Mutua v Kirui & another (Suing as Administrators and Personal Representatives of the Estate of Brian Kipsang) [2025] KEHC 3918 (KLR) | Fatal Accidents | Esheria

Mutua v Kirui & another (Suing as Administrators and Personal Representatives of the Estate of Brian Kipsang) [2025] KEHC 3918 (KLR)

Full Case Text

Mutua v Kirui & another (Suing as Administrators and Personal Representatives of the Estate of Brian Kipsang) (Civil Appeal E039 of 2023) [2025] KEHC 3918 (KLR) (27 March 2025) (Judgment)

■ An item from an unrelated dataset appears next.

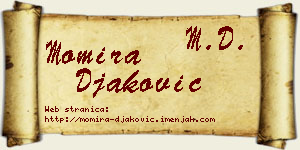 Momira Đaković vizit kartica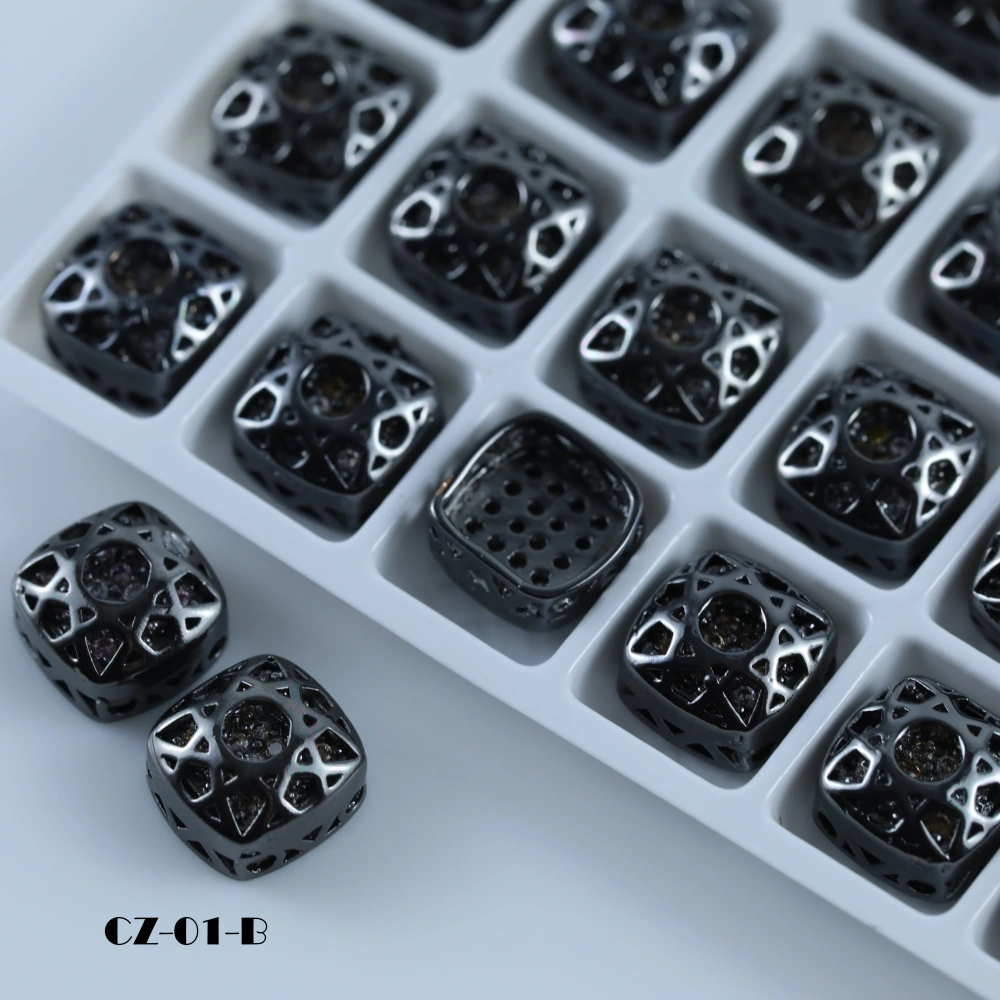 Fat Square Claw Rhinestones Drill Cube Series Cushion Stone Crystal DIY Bags Shoes Wedding Dress Apparel Handmade Craft Supplies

Neutral citation: [2025] KEHC 3918 (KLR)

Republic of Kenya

In the High Court at Kericho

Civil Appeal E039 of 2023

JK Sergon, J

March 27, 2025

Between

Simon Kuria Mutua

Appellant

and

John Kiprono Kirui

1st Respondent

Caroline Chepkorir Korir

2nd Respondent

Suing as Administrators and Personal Representatives of the Estate of Brian Kipsang

(Being an appeal from the judgment/decree of the Honourable C. Obulutsa (Chief Magistrate) delivered on 12/9/2023 in Kericho CMCC No. 98 of 2021)

Judgment

1. The suit in the lower court was filed on 8 October 2021, the subject matter cause of action having risen on the 26th day of July 2019 pursuant to a road accident involving Motor Vehicle Reg no. KBY O88W and the deceased pedestrian along Kericho- Kisumu Road. The appellant herein being the owner and driver of the subject Motor Vehicle Reg No. KBY O88W.

2. The suit in lower court was determined and liability apportioned in a judgment delivered before the trial court on 12th September 2023. The final judgment final terms were as follows;Pain and suffering …………… Kshs. 60,000/=Loss of expectation of life ……….Kshs. 1,600,000/=Special Damages………………..Kshs. 56, 550/=Total = Kshs. 1,866,550/= less 50% contributionNet = Kshs. 933, 275/=

3. The Appellant being dissatisfied with the judgment and decree of the trial court preferred an appeal and filed a memorandum of appeal dated 12th October, 2023 based on four main grounds;(i)That the court erred in awarding Kshs. 60,000/= for pain and suffering an amount which was excessive in the circumstances.(ii)That the court erred by double awarding the respondent’s estate both under the Law Reforms Act and Fatal Accidents Act.(iii)That the court erred in awarding the respondent’s estate a sum of Kshs. 1,600,000/= as general damages which was an excessive estimate of loss and damages suffered by the estate of the deceased.(iv)That the court erred in law and facts in awarding special damages without any proof of expenses.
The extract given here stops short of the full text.